Senegal, a unos 15 kilómetros al este de las playas de Dakar

Apenas clareaba el alba, y aun así, la temperatura dentro de la choza era ya sofocante. Ne Sung se desveló azorado, empapado en sudor. Decidió en ese momento que pasaría aquel caluroso día bañándose junto a sus hijos en la orilla del gran lago salado. Se despidió de Nhora, su mujer, besando el abultado vientre en gestación que ella, adormilada, protegía entre los brazos y despertó suavemente a los dos pequeños que apuraban el sueño sobre sus camastros. Kura, la mayor, contaba ya con siete estaciones y despabiló enseguida al notar cómo le acariciaban el pelo, sonrió y se puso inmediatamente en pie. El pequeño Gibhú, por su parte, se limitó a emitir un leve gruñido de protesta cuando aquellos musculosos brazos lo tomaron, y luego continuó durmiendo apoyando la cabeza sobre los hombros protectores de su padre.

Ne Sung salió del poblado y se adentró en la jungla con Kura asida de la mano y el pequeño aún dormido. Llevaba a la espalda su espléndida lanza de caza, además de un pellejo lleno de agua fresca y algunas tortas de mijo para comer durante el día. A pesar de sus casi dos metros de altura, Ne Sung caminaba sobre el sendero en el más absoluto silencio, sorteando con agilidad las ramas caídas y las raíces de los árboles.

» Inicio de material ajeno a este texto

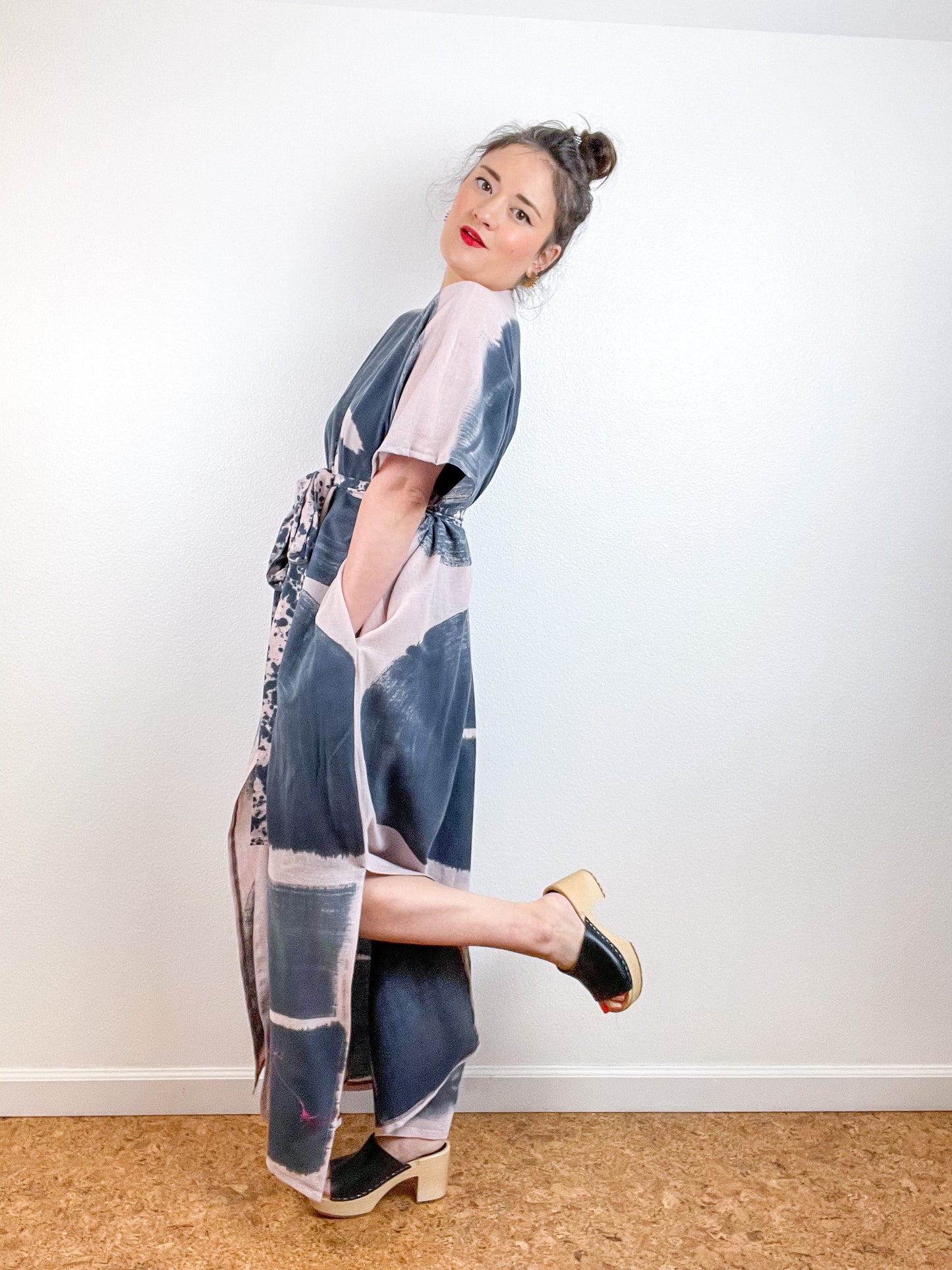 Single Gauze Duster Kimono Blush Graphite Brushstrokes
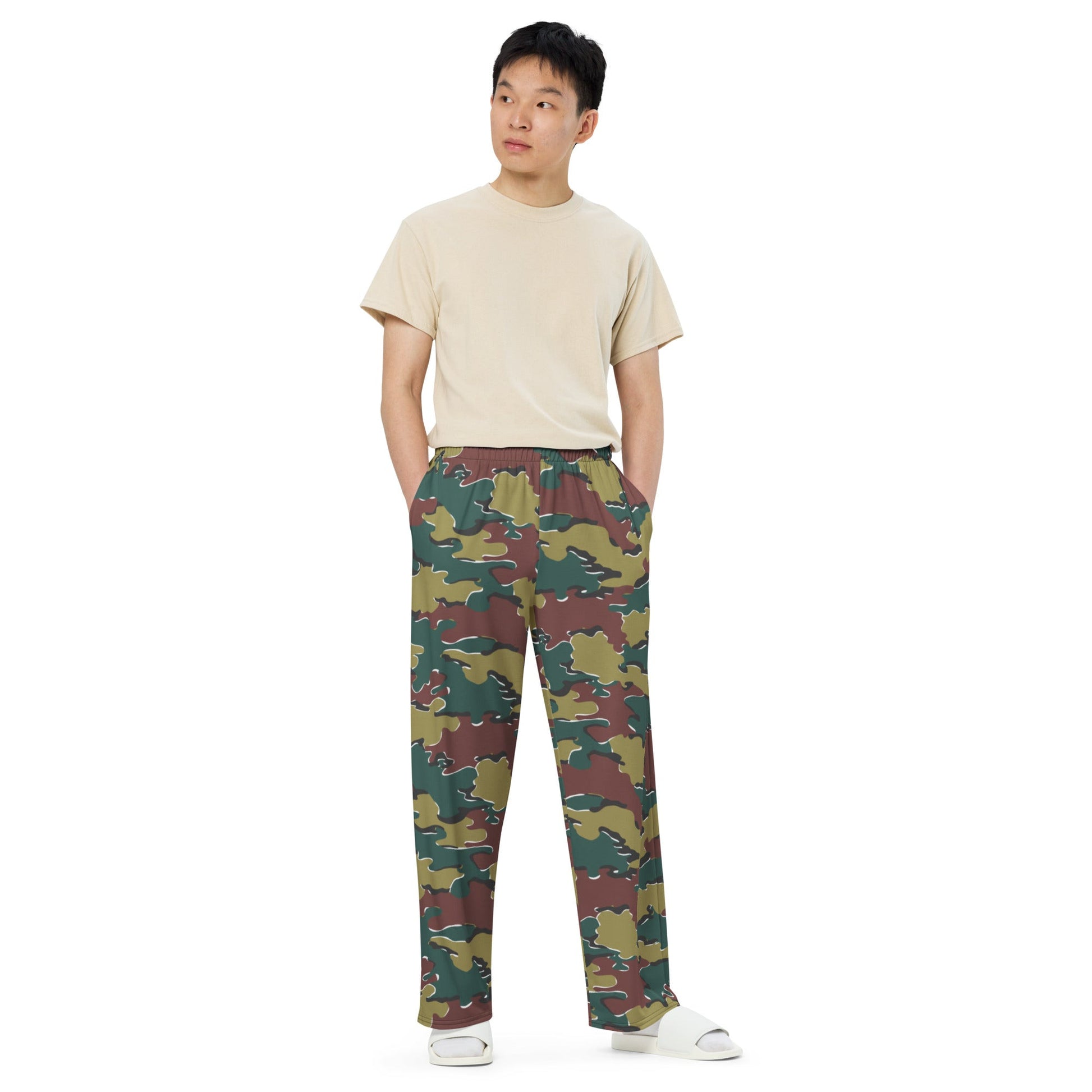 Belgian Jigsaw Autumn CAMO unisex wide leg pants Wide Pants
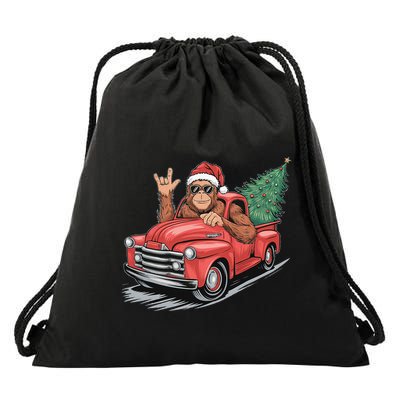 Bigfoot Rock On Christmas Tree Light Driving Truck Drawstring Bag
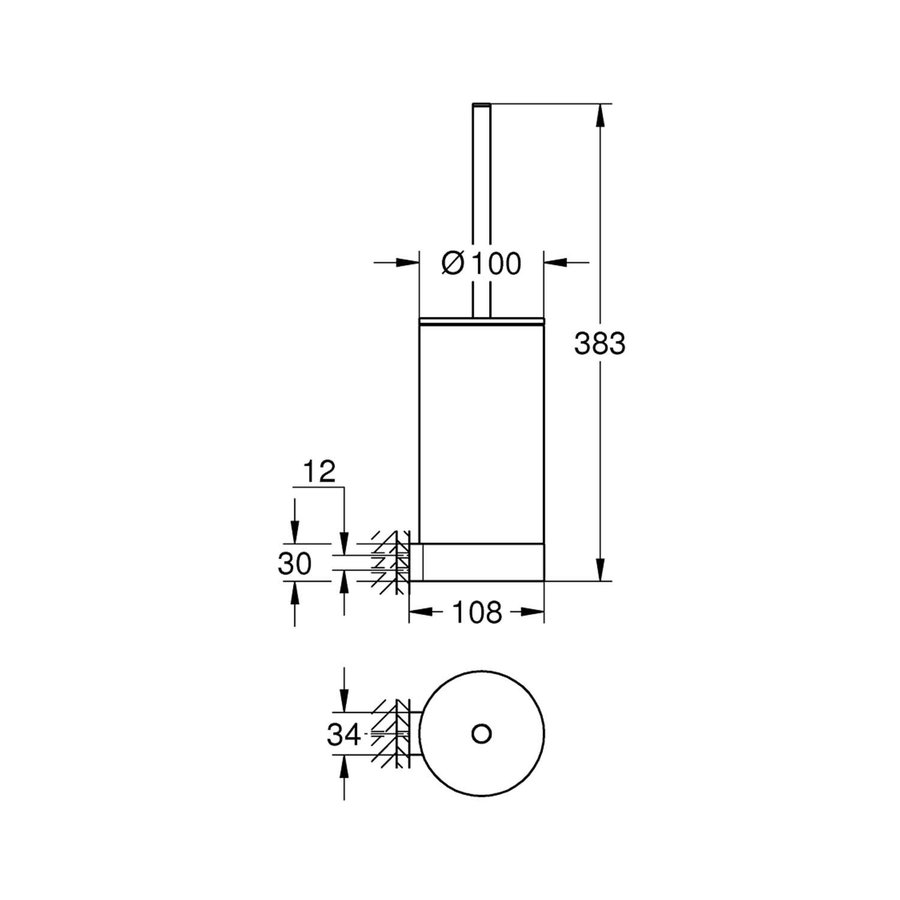 Toiletborstel Grohe Selection Glas met Wandhouder Supersteel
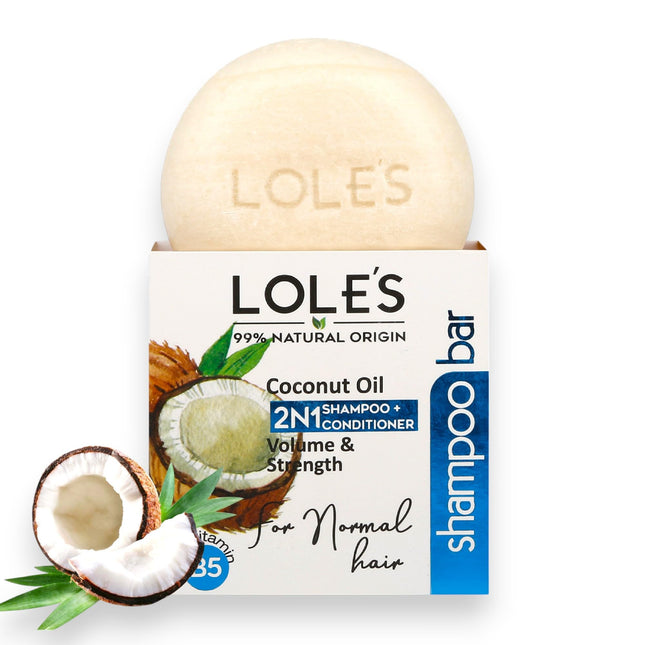 LOLE'S Shampoo Bar and Conditioner, 2In1 with Coconut Oil for Normal Hair, Volum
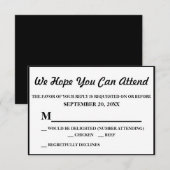 シンプルでエレガントな黒の結婚式RSVP 出欠カード (正面/裏面)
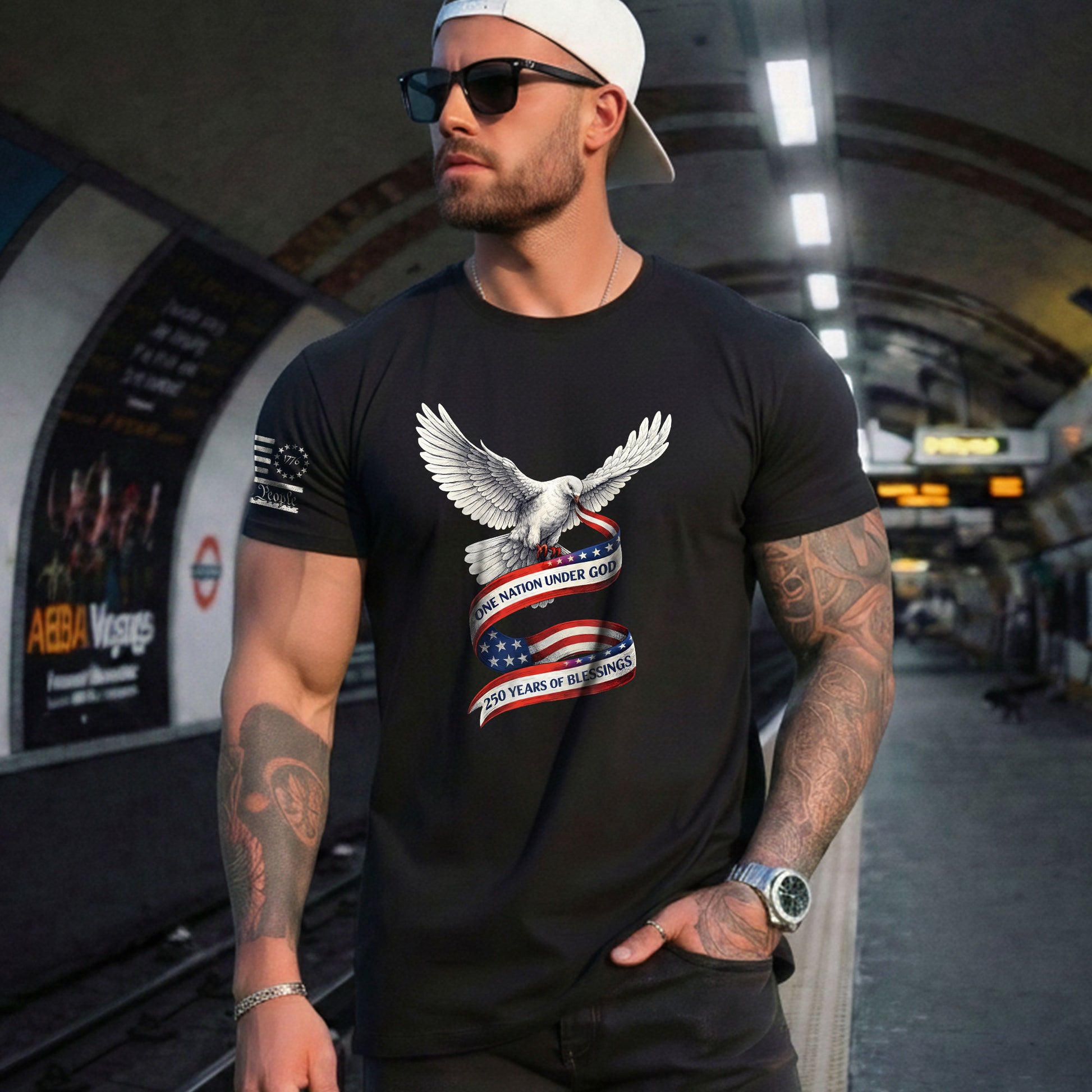 250 Years of Blessings One Nation Under God T-Shirt - Peace Dove Patriotic Graphic Tee - Rust Field Wear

La pequeña lo seguía con idéntica destreza, dando pequeños saltos sobre las puntas de los pies, pues desde muy niños los ancianos de la tribu les habían enseñado a desplazarse con cautela para no llamar la atención de posibles depredadores y, al andar, lo hacían dirigiendo precavidas miradas hacia las copas de los árboles.

El sol alcanzaba ya su cenit en lo más alto del firmamento azul cuando comenzaron a percibir la salada humedad de la brisa marina. Avanzaban a buen ritmo, excitados por la proximidad de un mar que en breve calmaría el intenso calor que soportaban. Era, sin duda, un día magnífico para que sus hijos disfrutaran, Gibhú correteaba a su alrededor y Ne Sung se sentía radiante. Hoy enseñaría a la pequeña Kura a nadar. Se detuvo brevemente para que los niños recuperaran el aliento. Hacía mucho calor y acercó a sus bocas el odre de agua para que calmaran la sed. Le pareció escuchar unos extraños sonidos en la lejanía, como un crujido de árboles o de madera seca, pero no hacía viento.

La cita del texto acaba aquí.